The first week of February was a brutal bloodbath, exposing investors to massive losses just like Bitcoin [BTC] fell below $60,000 for the first time since 2024.
Unsurprisingly, the consensus soured market sentiment into ‘extreme fear’ index showing that all analysts have turned bearish this week. Contrarian sentiment is starting to emerge after the shaky yet relieving bounce around the $60K level.
Source: Unbias
Will $60,000 remain stable?
From a technical chart perspective, the price zone above $60,000, which aligns with the past cycle peak, could soften the correction.
A similar view was echoed by Jurrien Timmer, director of Global Macro at asset manager Fidelity. Carpenter invoiced the extended sharp decline due to BTC’s pricing in Kevin Warsh’s confirmation as the next Fed chairman.
“The markets spoke loudly last week when the next Fed chairman was announced. For Bitcoin, however, I continue to see $65,000 as an attractive entry point.”

Source: Trouw
However, gold’s outperformance may keep prices subdued. Timmer predicted that gold could maintain its lead in the market until BTC ETF inflows resume.
The ETF flow factor
According to the chart shared by Timmer, BTC ETF inflows peaked in October but then contracted.
In contrast, gold and silver ETF flows rose as investors sought refuge in metals and safe havens amid heightened macro uncertainty ahead of a new Fed presidency in May.

Source: Trouw
Yet analysts at asset manager Bitwise were still firmly bearish, warning that off-chain signals, particularly BTC ETFs, suggested the decline was far from over.
The analysts, led by Andre Dragosch, said that the market crash hasn’t caused massive ETF outflows, but resilience could still be an issue.
“Historically, sustained ETF outflows have tended to coincide with capitulation events, implying that a decisive shift in ETF flows could still serve as a crescendo moment for broader market capitulation.”
A recent AMBCrypto report found that BTC holdings by ETFs fell just 6.6% despite the +50% price crash since the end of 2025, underscoring the resilience cited by Bitwise analysts.
But will the market test this resilience?
The fear in the market decreased, but was not eliminated
At the time of writing, the insights in Options also painted a similarly cautious outlook.

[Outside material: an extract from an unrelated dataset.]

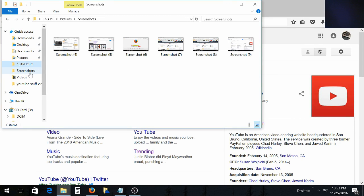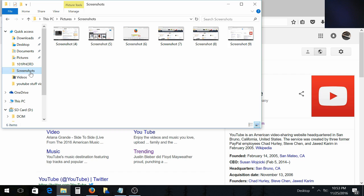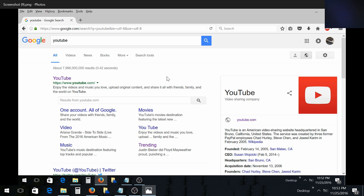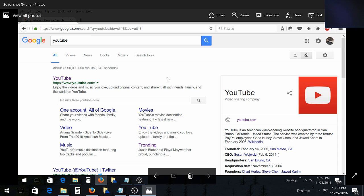You're going to click on Screenshots and you will see your screenshots. All of your screenshots will be in that Screenshots folder.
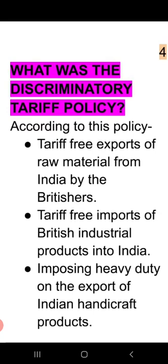The discriminatory tariff policy meant: tariff-free exports of raw material from India by the British; tariff-free imports of British industrial products into India; but imposing heavy duty on the export of Indian handicraft products. This was the discriminatory tariff policy of the British.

Particularly the 25-Delta Skew climbed slightly after reaching a low of -28 in the volatility index, but remained negative.
This meant that negative market sentiment subsided after the rebound to $60,000, but caution remained. In other words: Options players still bought more puts (bearish bets for downside protection) than calls (bullish bets).

Source: Amberdata
Final thoughts
- A Fidelity analyst viewed BTC’s sub-$60,000 levels as a great buying opportunity, citing past market correction patterns.
- However, the market remained cautious despite retesting $60,000, and continued ETF outflows could push BTC lower.